Hello everyone,

I am currently working on a project involving Bayesian model averaging using the brms package in R, and I’ve encountered a challenge that I hope to get some insights on. I have a list of brmsfit models stored by species in all_species_models, and for each species, I’ve determined the models with substantial support based on WAIC, which are listed in all_species_waic_info.

For now, I am focusing on getting the averaging to work on 1/45 species, “Common.wombat”, and I’ve successfully extracted the names of the models that have substantial support. My next step is to retrieve the actual brmsfit model objects corresponding to these names from all_species_models. Here’s where I need guidance: I understand that the posterior_average function in brms requires individual brmsfit objects as arguments (and not a list of these objects). How can I ensure that I am correctly retrieving and providing these brmsfit models to the function?

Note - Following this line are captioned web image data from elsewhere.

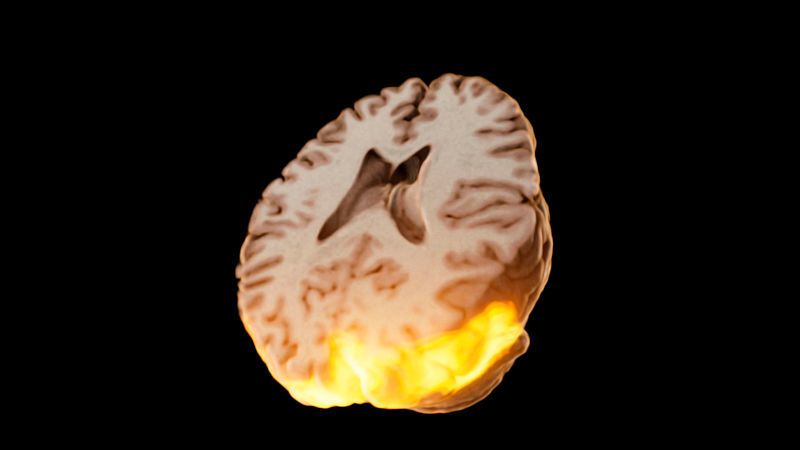 Dieses Bild, eine Fusion aus anatomischen und funktionellen MR-Aufnahmen, zeigt die Gehirnareale, die beim Anschauen eines Hauses aktiv sind. (Fraunhofer MEVIS)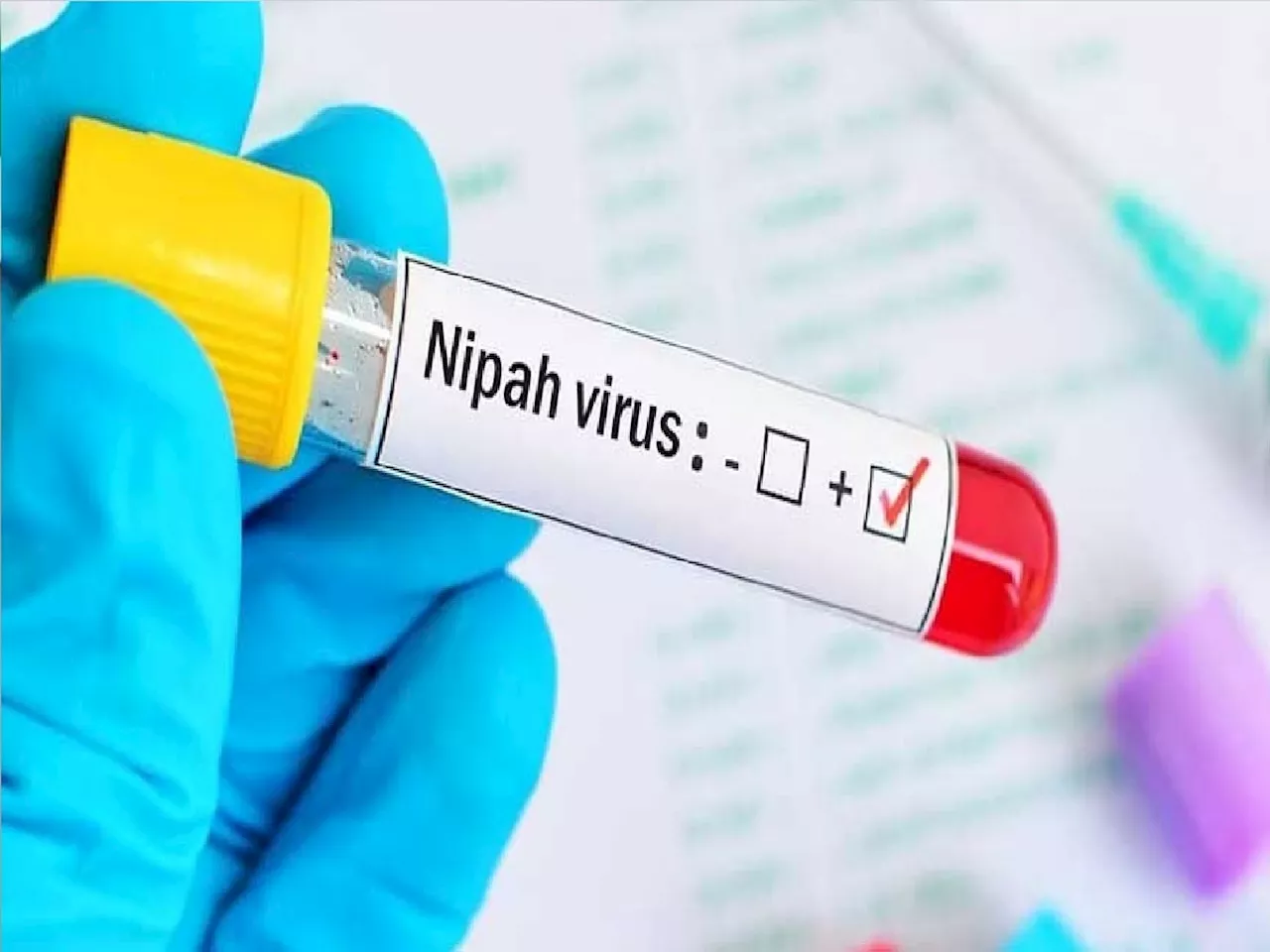 आधी मंकीपॉक्स आता Nipah Virus चा धोका, देशात 24 वर्षांच्या तरुणाचा मृत्यू... , वेळीच ही लक्षणं ओळखा?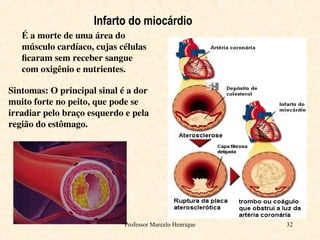 Professor Marcelo Henrique 32
Infarto do miocárdio
É a morte de uma área do
músculo cardíaco, cujas células
ficaram sem receber sangue
com oxigênio e nutrientes.
Sintomas: O principal sinal é a dor
muito forte no peito, que pode se
irradiar pelo braço esquerdo e pela
região do estômago.
 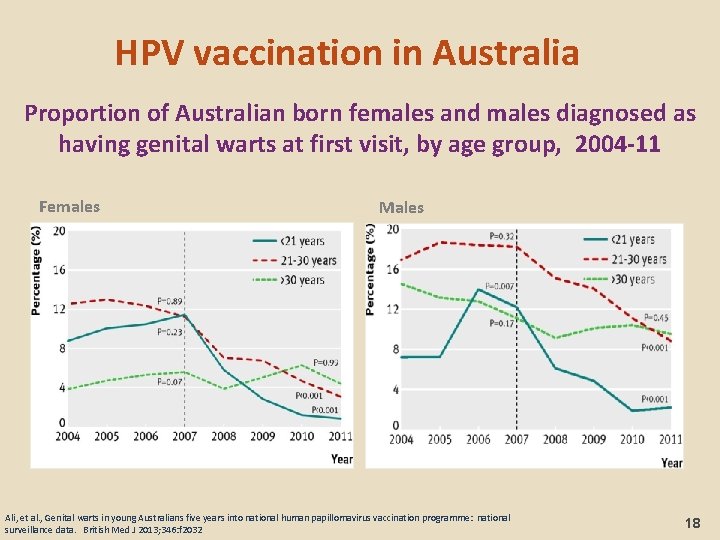 HPV vaccination in Australia Proportion of Australian born females and males diagnosed as having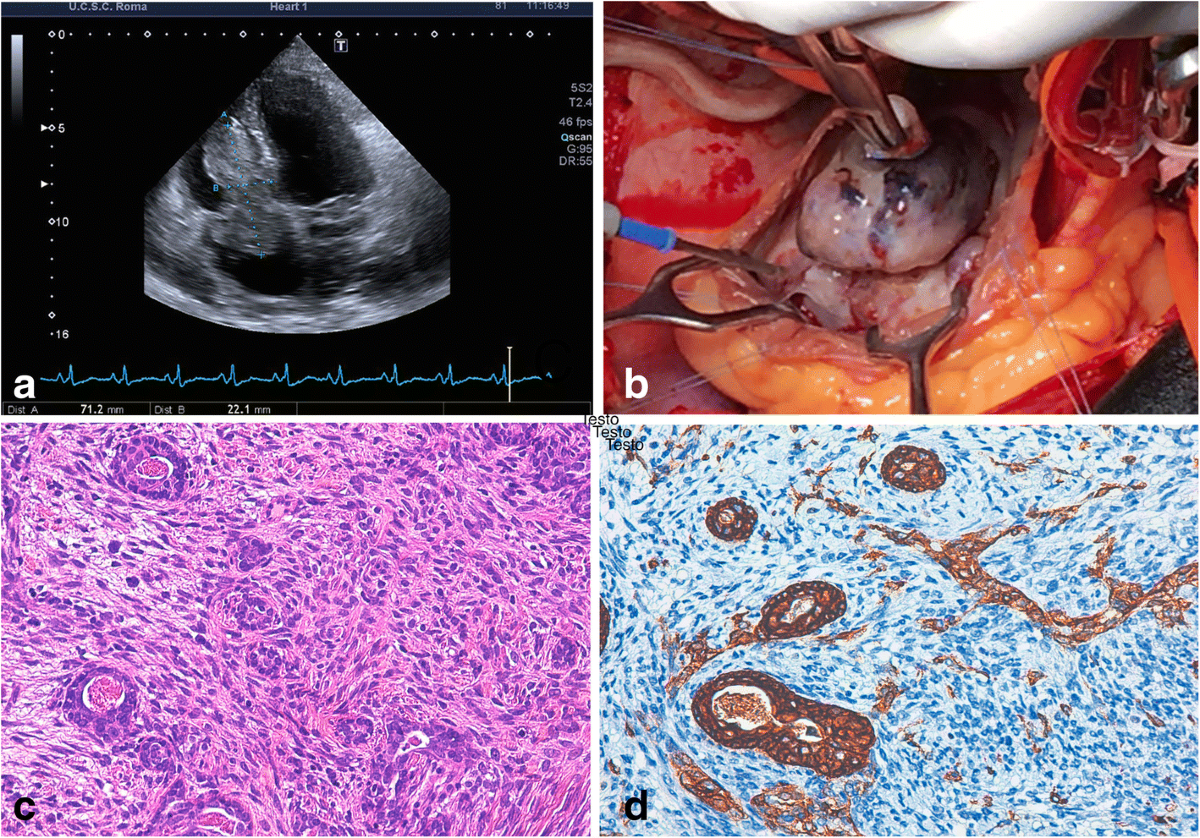 melanotic sarcoma of heart Childhood Tumors (PDQ) - PDQ Cancer Information Summaries Treatment of cardiac synovial sarcoma: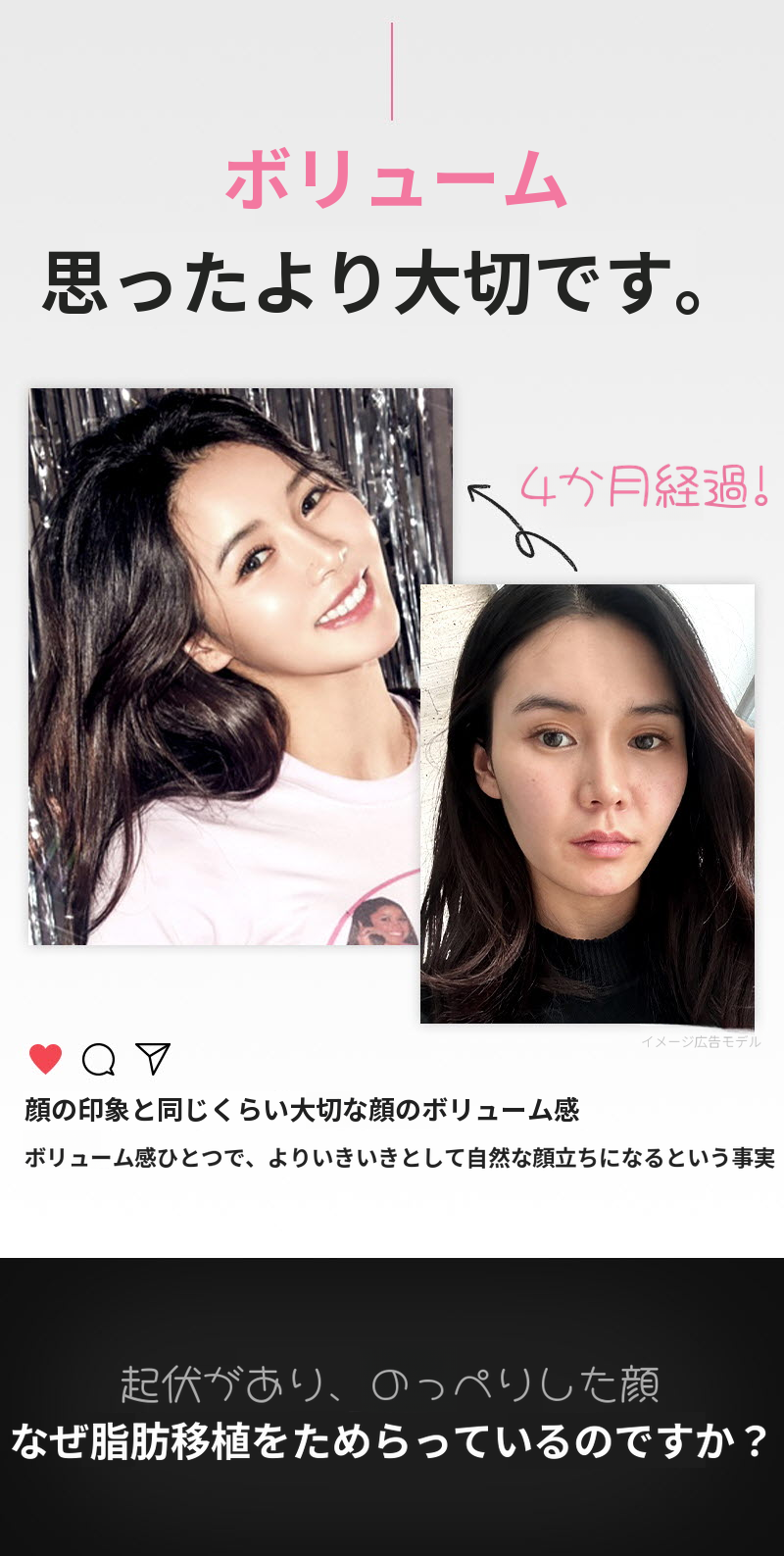 ❤️ビュー❤️顔の脂肪移植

When I try to run the posterior_average function, I get an error message saying “cannot allocate vector of size 60.4 MB”, despite having plenty of available RAM. It is causing R or my computer to crash. This is happening on multiple computers,both 64-bit systems. I’ve also checked the size of the individual models, and they are all well below the size of the memory that should be available.

My aim to conduct model average coefficients from supported models, specifying “waic” as the method for weighting the models in the averaging process using the weights argument. I want to ensure that this process is executed correctly and efficiently, avoiding any potential memory issues or crashes.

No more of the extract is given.